# Getting into casting



## shadetree_1 (Mar 22, 2014)

I know we have a world of knowledge here on WB so I'm sure someone can tell me what the best way is to build molds for casting I know some folks make them out of a mold material and others use the plastic cutting boards, I'm looking for the quickest and cheapest way to get started and could go the more expensive way later on.

Thanks


----------



## ironman123 (Mar 23, 2014)

What you going to make Joe? Pen blanks or what. I use pvc 3/4" diameter for round pen blanks. I made molds from cutting boards for slabs and individual square pen blanks and one of Fred's molds for sierra pen blanks. Hope thdis helps some.

Ray


----------



## Reiddog1 (Mar 24, 2014)

Also depends on what you will use for casting resin. PVC pipe and alumilite do not get along. I started with cutting boards and have gone primarily to vertical silicone round molds. I do, however, still use my cutting board molds when casting wasted wood, pine cones, coffee beans, etc. Hope this helps.

Dave

Reactions: Like 1


----------



## kweinert (Mar 25, 2014)

Reiddog1 said:


> I do, however, still use my cutting board molds when casting wasted wood, pine cones, coffee beans, etc. Hope this helps. Dave



Curious how you assemble your cutting board mold so it doesn't leak but is easy to get the casted blanks out.

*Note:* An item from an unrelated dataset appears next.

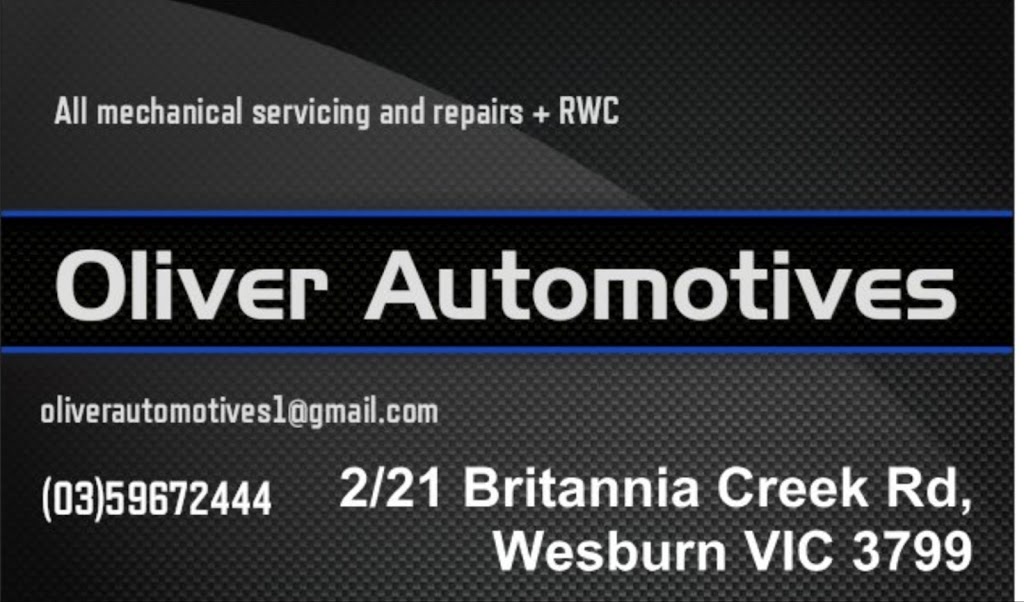 Oliver Automotives | car repair | 2/21 Britannia Creek Rd, Wesburn VIC 3799, Australia | 0359672444 OR +61 3 5967 2444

I'm pretty sure that I screwed up my first casting. Either I got an insufficient amount of the catalyst in the resin or I didn't mix it well enough. I'll find out tonight when I get home, but the small amount of resin left in the mixing container wasn't setting up very well.


----------



## ironman123 (Mar 25, 2014)

Ken, there are plans and directions on turntex (mesquiteman) site for the molds from cutting boards. I made one for slab of 5 blanks and one for single blank. Taking screws out can be time consuming unless you just take one side off. My first cast is on my desk. It is pliable. Bend it in a horseshoe shape and 2 hours later it is straight again. I did it about Thanksgiving last year.

Ray

Reactions: Thank You! 1


----------



## kweinert (Mar 25, 2014)

Thanks. 

Do you cast to fill in on cutoffs? I had an issue with my wood floating as well so thoughts on that are appreciated.

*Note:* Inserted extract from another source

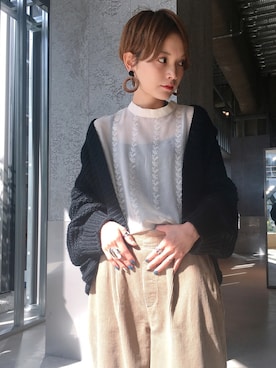 「ハイネックトップス」｜RIHOさん（レディース・150cm）の秋コーディネート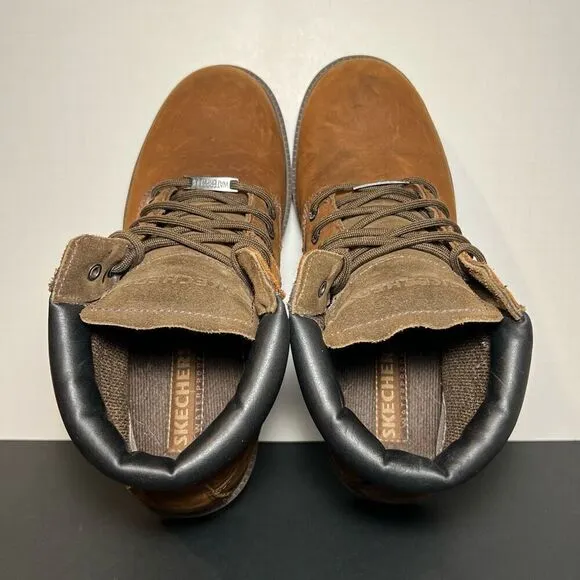 Mens SKECHERS Sergeants Verdict Brown Leather Waterproof Boots / Size 9.5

I'll get it right eventually, especially with help from you folks.


----------



## ironman123 (Mar 25, 2014)

Anchor it down. Someone should have a better way but I put little wooden wedges in the ends of the mold to hold the blank in and off the bottom of the mold.

Ray

Reactions: Thank You! 1


----------



## kweinert (Mar 26, 2014)

Well, I had some kind of odd results. First off, as I knew was going to happen, the wood floated to the top. Other than that it's sort of odd - the bottom and most of the sides is hard as a rock. The top remains a bit tacky. It's getting better, I'm not leaving finger prints in it any more. But the oddest is that a couple of them have weep holes where the resin (or something sticky) is slowly forming drops out the side.

I'll do a couple of things for the next time: ensure I do a complete job of mixing the resin and the catalyst; build a better mold; determine how to anchor the wood down into the mold.


----------



## Reiddog1 (Mar 28, 2014)

For floating wood, I use a dot of hot glue to glue them to the mold. Sounds crazy, but it works like a charm. Hope this helps.

Dave

Reactions: Thank You! 1


----------



## Reiddog1 (Mar 28, 2014)

Ken, use masking tape to seal up your joints on the outside of your mold. After a couple of casts, the leftover resin will seal the seams. I use drywall screws to assemble the molds. They look just like turn Ted molds.

Dave


----------